Series [] and .loc[] sometimes returns a single value, and sometimes unexpectedly a single element S-CodePudding

In the code below, I am trying to find the longest string in a DataFrame column.

Depending on the length of the column, the function below (maxstr), returns a single value for short columns (as expected), and a single element series for long columns (I didn't expect this).

Any pointers would be appreciated.

I used methods discussed in Find length of longest string in Pandas dataframe column

import numpy as np
import pandas as pd

As the data is large, I resort to displaying the information on the dataframe and series as I go along.

Read dataframe from clipboard

df = pd.read_clipboard(sep='\t', index_col=[0, 1, 2, 3, 4], na_values='')

print(f'{type(df)=}')
print(f'{df.shape=}')
print(f'{df.dtypes=}')
print(f'{df.columns=}')

type(df)=<class 'pandas.core.frame.DataFrame'>
df.shape=(581, 6)
df.dtypes=CID           int64
TITLE        object
FIRSTNAME    object
FUNCTION     object
PHONE        object
EMAIL        object
dtype: object
df.columns=Index(['CID', 'TITLE', 'FIRSTNAME', 'FUNCTION', 'PHONE', 'EMAIL'], dtype='object')

Function to return the maximum length string equivalent in a column/series

def maxstr(ser: pd.Series):
    print(f'{type(ser)=}')

    print(f'\n{type(ser.astype(str).str.len().idxmax())=}')
    print(f'{type(ser[ser.astype(str).str.len().idxmax()])=}')

    # should return a single value and not a series
    return ser[ser.astype(str).str.len().idxmax()]

working with a short column (n=50), I get an int (as expected)

short = df.head(50)
short_return = maxstr(short['CID'])

type(ser)=<class 'pandas.core.series.Series'>

type(ser.astype(str).str.len().idxmax())=<class 'tuple'>
type(ser[ser.astype(str).str.len().idxmax()])=<class 'numpy.int64'>

woking with long columns from the same dataframe (same data) (n=100), I get a series (not expected ??)

long = df.head(100)
long_return = maxstr(long['CID'])

type(ser)=<class 'pandas.core.series.Series'>
    
type(ser.astype(str).str.len().idxmax())=<class 'tuple'>
type(ser[ser.astype(str).str.len().idxmax()])=<class 'pandas.core.series.Series'>

In both cases, we find the same int value (but one in a series, and the other as a single value)

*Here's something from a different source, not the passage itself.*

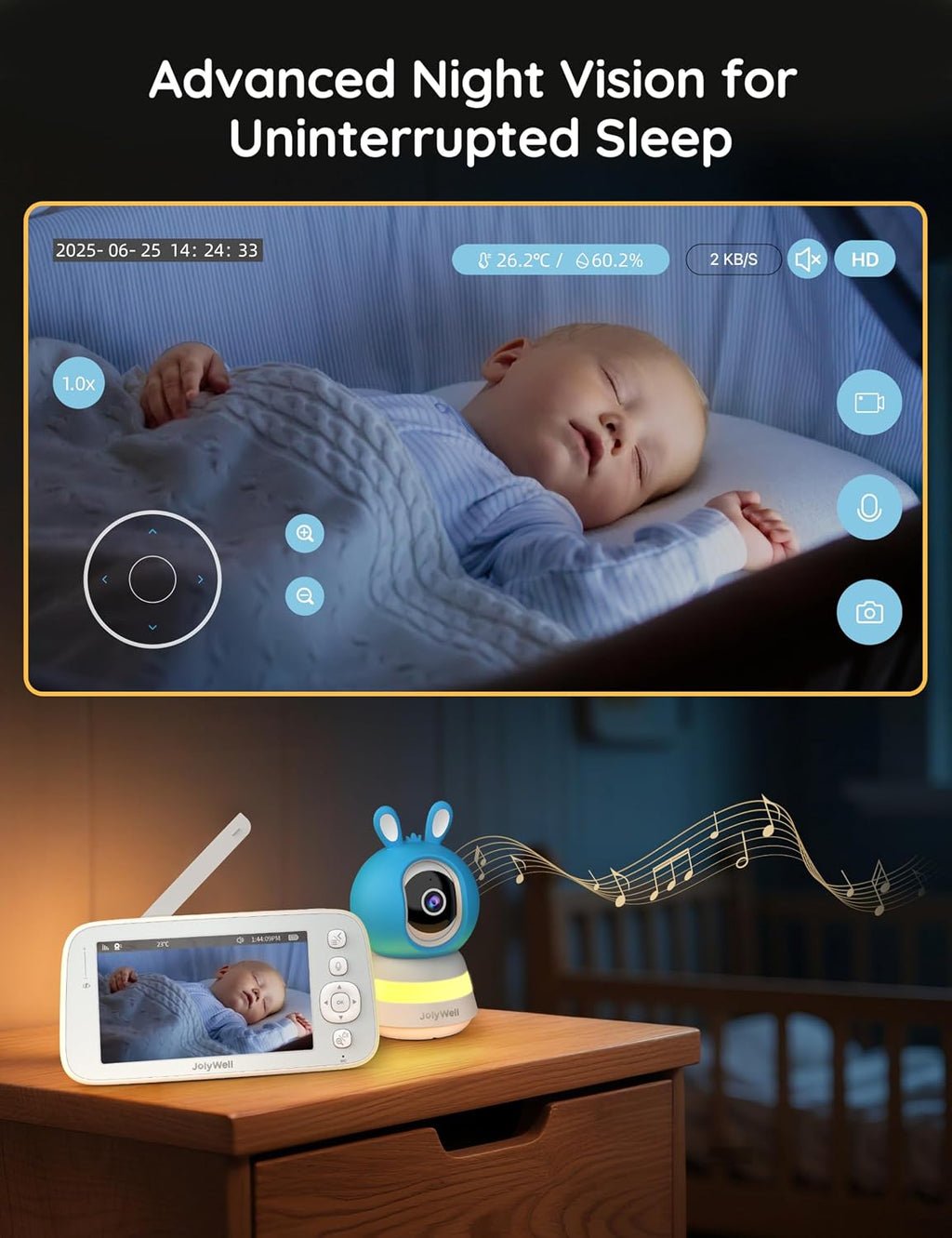 2K Baby Monitor with Camera and Audio, 5' Display Wifi Baby Monitor with App Control, Motion & Cry Detection, Night Vision, VOX, Real-Time Record, Temper Sensor, 2-Way Talk, RGB Night Light, Lullabies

short_return == long_return.iloc[0]

True

The int value is unique, so it occurs once in the dataframe column

value = short_return
print(f'The value: {value=}')
print(f'{sum(short["CID"] == value)=}')
print(f'{sum(long["CID"] == value)=}')

The value: value=1937
sum(short["CID"] == value)=1
sum(long["CID"] == value)=1

CodePudding user response：

In my opinion problem is duplicated index values, so if idxmax return tuple, which is duplicated, is returned not scalar, but all duplicated rows in selection.

Simple solution for avoid it is create default index, here change:

df = pd.read_clipboard(sep='\t', index_col=[0, 1, 2, 3, 4], na_values='')

to:

df = pd.read_clipboard(sep='\t', na_values='')

for no MultiIndex, but default RangeIndex.

Check it if RangeIndex:

print (df.index)

Solution if need MultiIndex is remove duplicated values:

df = pd.read_clipboard(sep='\t', index_col=[0, 1, 2, 3, 4], na_values='')
df = df[~df.index.duplicated()]